I call my sculpture "Silly Little Man", although that is not what the artist called it. It depicts a small man with arms outstretched, standing in front of three large salmon swimming toward him. Here it is:
If you are thinking "Is she kidding? That's junk," you are not alone. Someone once asked me if I bought it at a garage sale.
I love it.
I love that the salmon are so fluidly carved, and done in otherworldly colours, while the person (to me he is a man, but could be female I suppose,) is blocky and rough, with no nuances of colour.
I love that the salmon look as if they are about to swim right over the man, barely seeing him and his outstretched arms.
I love that this piece symbolizes for me the mystical power of the salmon runs; so much a part of our west coast culture, both from prehistory to right now, for first nations and all of us. Anyone who has seen a shallow stream roil with the ruby backs of salmon on their fatal upstream journey, or watched them arc high over a waterfall cannot be but awed.
I love that, while the body of the fish are painted in jewel bright colours, their eyes reflect the raw cedar forests that line the streams they travel.

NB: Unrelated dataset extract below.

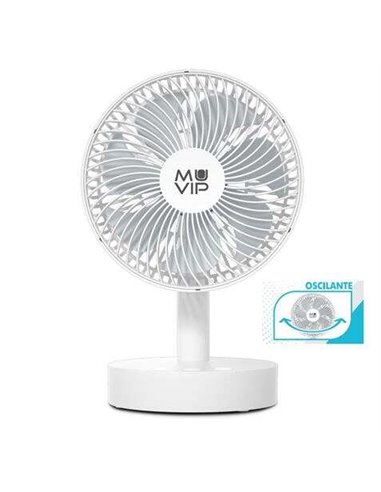 Muvip - Ventilateur de Bureau Oscillant Portable 12W Diamètre 19cm - 4 Vitesses - Oscillation jusqu'à 70º - Angle réglable jusqu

But what I love most about this piece of art is the foolishness of the little man in trying to stop the salmon from swimming upstream. At the same time, I identify with his hubris at trying. When I bought this sculpture, in 1992, he was me. I was a single mom of a toddler, still wet behind the ears in the practice of law, and going through an ugly divorce. It was just beginning to dawn on me that I was not CEO of the universe, and I had to let go of trying to control things I had no power over, or go crazy. I saw the "Silly Little Man" in a gallery window downtown, and it stopped me cold. I knew at once I had to have it, though at the time I could not have fully articulated the reasons. It is only in retrospect that I came to realize why it "spoke" to me. It cost far more than I could comfortably afford then (or even uncomfortably afford). I ate many meals of cheap mac & cheese after buying "Little Man". It was worth every noodle.
So "Silly Little Man" sits on my mantel, and I love it even more than when I got it 17 years ago. He still makes me chuckle. At both of us.
The artist, Peter Kiss, would likely be surprised by my interpretation of "Silly Little Man". His title for it, printed on the underside, is "Fish Guides". If you look closely at Little Man's right hand, it is pointing backwards, as if perhaps he is showing the salmon which direction they are to take. (And, yes, one finger of the right hand is broken. Sorry Mr. Kiss, your art is a little too delicate for the number of times I have moved house.) Perhaps the artist intended to portray the whimsical idea that, instead of salmon having a mystical force guiding them to the spot they were born, there are actually little traffic cops showing them the way.
What do you think?
Do you have a piece of artwork that you were compelled to have?